This Article is From Feb 17, 2014

'I am single, who will I be corrupt for?' says Narendra Modi

'I am single, who will I be corrupt for?' says Narendra Modi

Narendra Modi addressing a rally in Himachal Pradesh on Sunday

Sujanpur, Himachal Pradesh: Narendra Modi has contended that only a person with no family ties can fight corruption in the country effectively and has presented himself as that man, as he is single.

Addressing an election rally in Hamidpur in Himachal Pradesh on Sunday, Mr Modi said in Hindi, "Mere liye na koi aagey, na peechhey. Kiske liye bhrashtachaar karunga? (In have no family ties. I am single. Who will I be corrupt for?), adding, "this mind and body is totally devoted to the nation."

The BJP's prime ministerial candidate was in the middle of a sharp attack on the Congress-led United Progressive Alliance or UPA government for "its failure to check corruption."

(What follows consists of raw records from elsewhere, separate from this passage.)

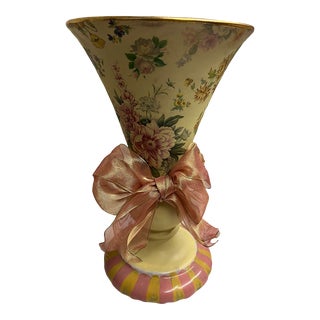 Mackenzie-Childs Ceramic Yellow Floral Vase For Sale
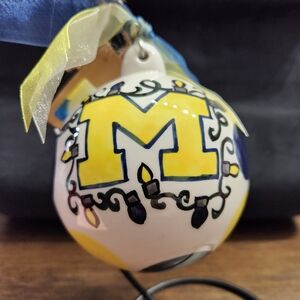 U of M Ornament with Maize and Blue Design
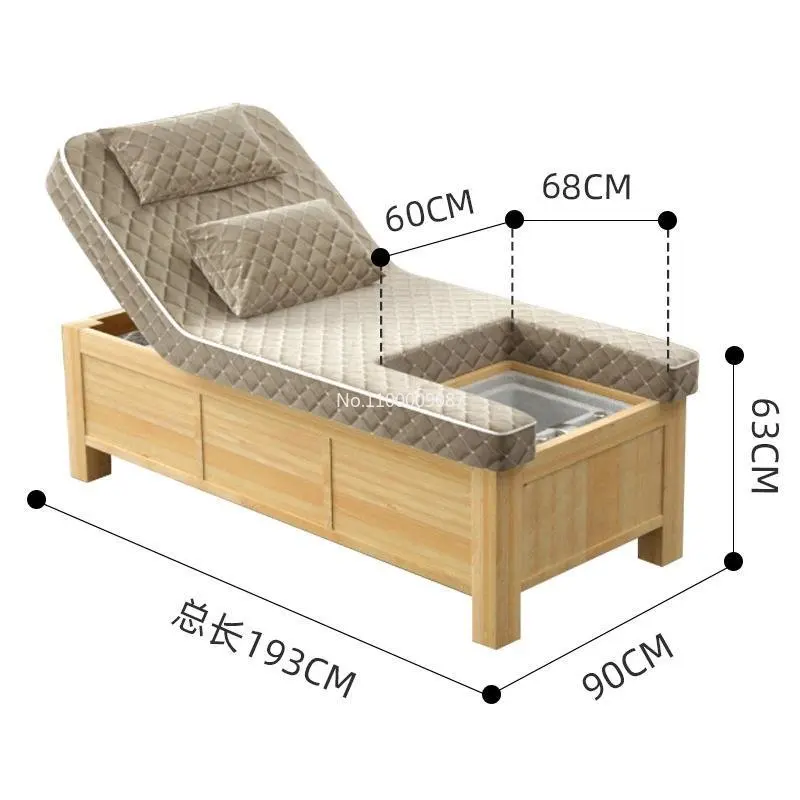 Solid wood beauty bed electric latex foot bath shop massage foot bed foot bath beauty ear picking sofa foot therapy health bed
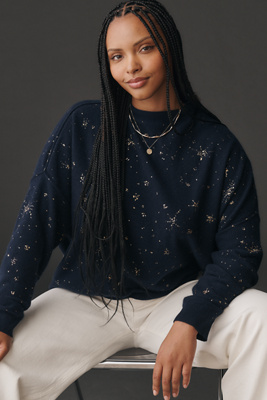 Pilcro The Alani Cashmere Mock-neck Sweater By  In Blue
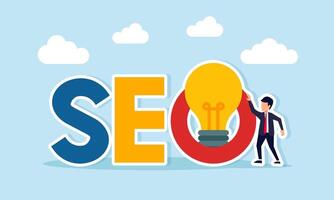 Businessman standing next to SEO text with a lit lamp illustration of idea application for keyword search engine optimization in business vector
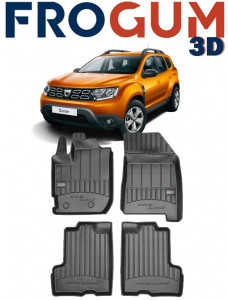 Dacia Duster II, Suv, Din 01.2018 - Prezent , Set Covorase Auto Tip Tavita Premium 3D, din cauciuc accesorii pentru autoturismul tau - masina v174638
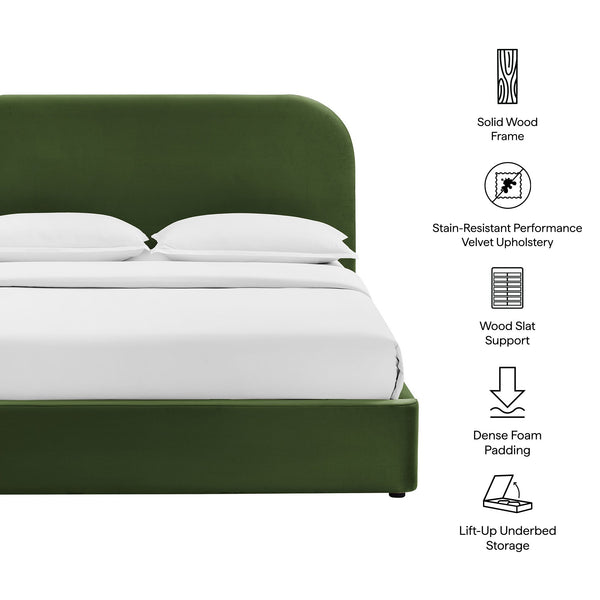 Modway Furniture Keynote Modway King Storage Bed Curved Cloud Headboard Performance Velvet Platform Green MOD-7357-MOG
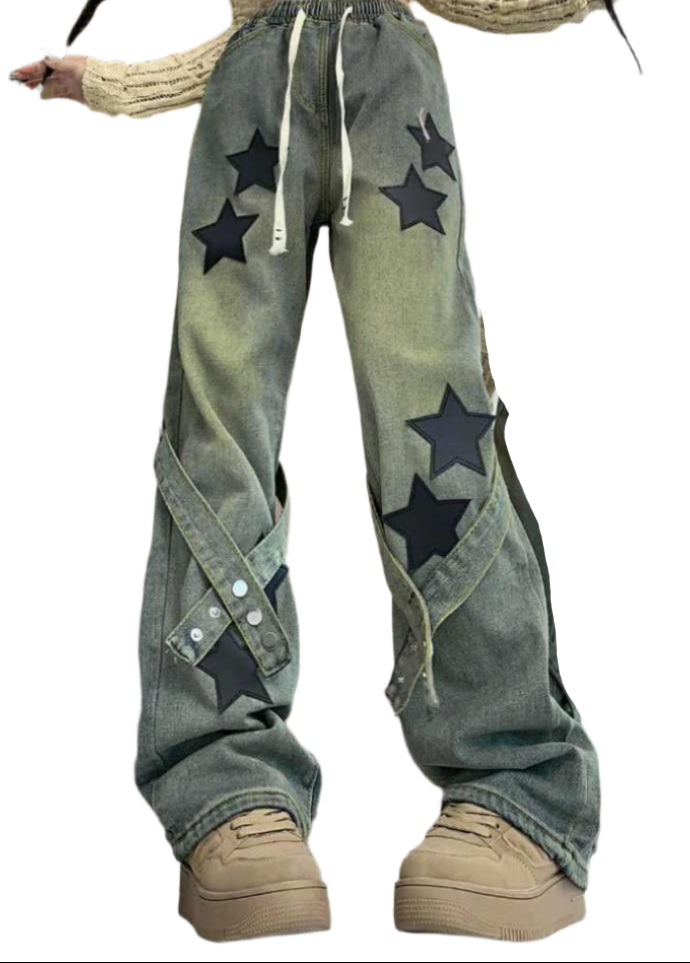 Strapped Blue Stars Y2K Jeans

"Black money stashed abroad belongs to the people of India. These people (Congressmen) have looted the poor and put money there...if we need freedom from corruption, we need freedom from the corrupt," he said.

Mr Modi also sought to turn the tables on the Congress on its repeated allegation that he is a "divisive leader." He used words that Congress president Sonia Gandhi used recently, to attack her party on the Telangana issue. "The Congress is indulging in divisive politics. It's doing 'zeher ki kheti' (sowing seeds of poison on Telangana)," Mr Modi said. (Read more

"The whole of Andhra Pradesh is burning. The way it (Congress) wants to create Telangana, neither Telangana is happy nor Seemandhra," he said, pointing to what he called the smooth creation of states during the tenure of the BJP's Atal Bihari Vajpayee as PM.

Mr Modi, 63, has never commented on reports that he was married at an early age and separated soon after. He allegedly kept the wedding secret because it meant he would not be able to climb the ladder of the puritan Rashtriya Swayamsewak Sangh (RSS), the BJP's ideological mentor, which frowns on key workers marrying, according to a recent Modi biography by author Nilanjan Mukhopadhyay.

The Congress' Rahul Gandhi, seen as Mr Modi's chief rival for the post of PM, is also single.